The city is teaming with a huge selection of restaurants to suit all taste buds, most with reasonably priced and locally sourced cuisine.
At the heart of the city centre stands City Hall – a magnificent building to behold. Tours run here daily for free, consult the Belfast City Council website to enquire about times. This is a great place to begin exploring with many other landmarks such as the Albert Memorial Clock just a stone’s throw away.
Towards the docks under Samson & Goliath stands the Titanic Belfast, a multi-million pound attraction, the museum extends over nine galleries of interactive historic storytelling with special effects, dark rides and full-scale reconstructions of the most famous ship of the 20th century. Allow yourself a few hours to travel the depths of the ocean and uncover the true history of the Titanic from the city where it all began.
In the west of the city lies the Peace Wall which divides the Shankhill and Falls Roads. This provides a great insight into the city’s history and culture with murals dotted throughout.
The city centre is home to a state-of-the-art shopping mall, Victoria Square, with 3 floors of non-stop retail bliss; a shopaholic’s haven. Surrounding this, the city is home to a number of vintage boutiques and outlet stores. Looking for trinkets and lovely bits? Go no further than Avoca, the most loved homeware shop in Ireland.
A visit to Belfast is not complete without a taste of Guinness from one of its many traditional bars. The Crown Saloon Bar stands opposite the most bombed building in Northern Ireland; this historic pub is the one of the best in the city to get a good glass of Guinness.
Visit the Cathedral Quarter for a taste of local madness, with a huge selection of pubs found along cobbled alleyways. Favourites include the Dirty Onion, The Spaniard and the Duke of York where you’ll hear the live music before you see it.
The day trips
If you are planning on staying overnight in Belfast or only intend to see one thing – make it the Giant’s Causeway. A few hours coach journey away, this awe-inspiring spectacle is a natural-world wonder not to be missed. Day excursions can be organised in advance or tours leave from the city centre at 9am most mornings.

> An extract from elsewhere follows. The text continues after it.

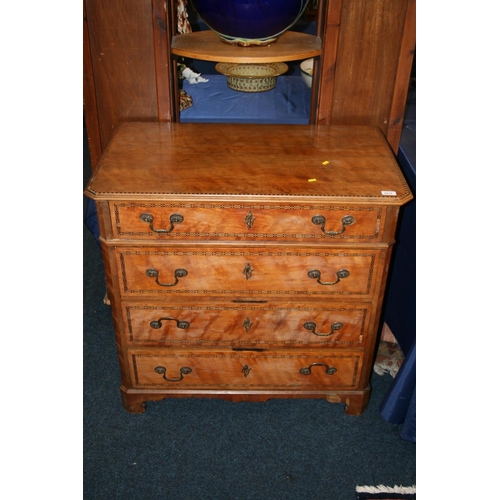 504 - Satinwood and chequered banded chest of drawers, the rectangular top with canted corners  and m...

A City Sightseeing coach tour is otherwise recommended as it offers a detailed tour of the whole city where you can hop on and off at your leisure. These also leave hourly from the city centre.
You aren’t guaranteed to experience all the wonderful gems Belfast has to offer but sure enough you are guaranteed great craic, wonderful memories and most likely a new friendship with one of the locals.